- What you need to do
Please return the data that follows precisely as written, but without the images.

Top of Dataset extract

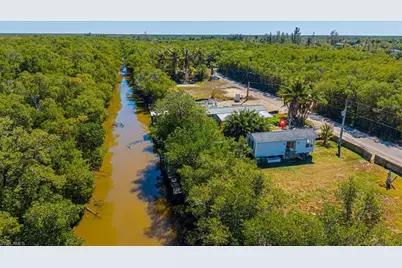 25 & 26 Plantation Dr, Everglades City, FL 34141 - Photo 5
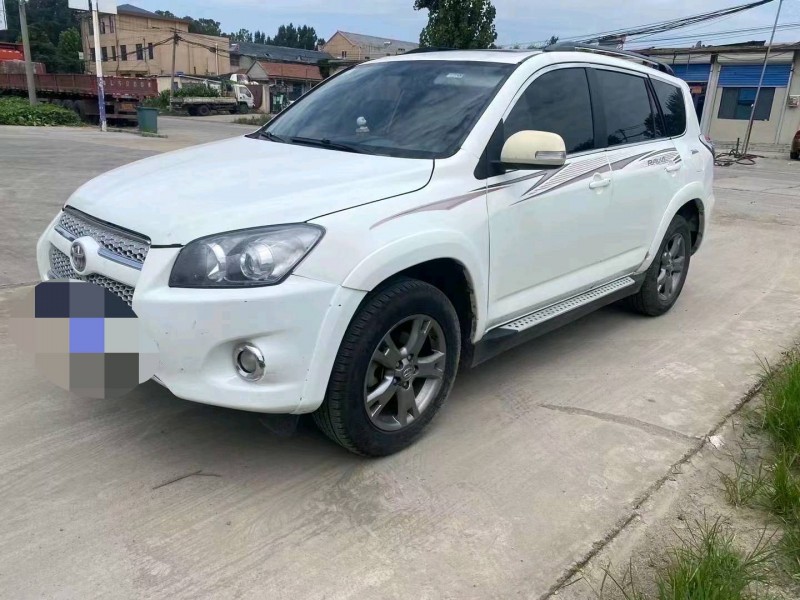 东营13年丰田RAV44
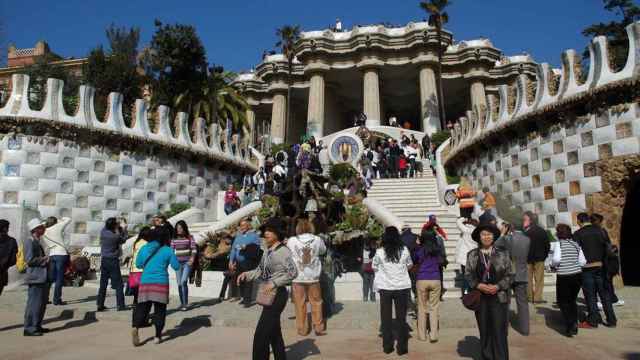 Turistas en el Park Güell de Barcelona / EUROPA PRESS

Bottom of Dataset extract

- Answer box
 25 & 26 Plantation Dr, Everglades City, FL 34141 - Photo 5
 东营13年丰田RAV44
 Turistas en el Park Güell de Barcelona / EUROPA PRESS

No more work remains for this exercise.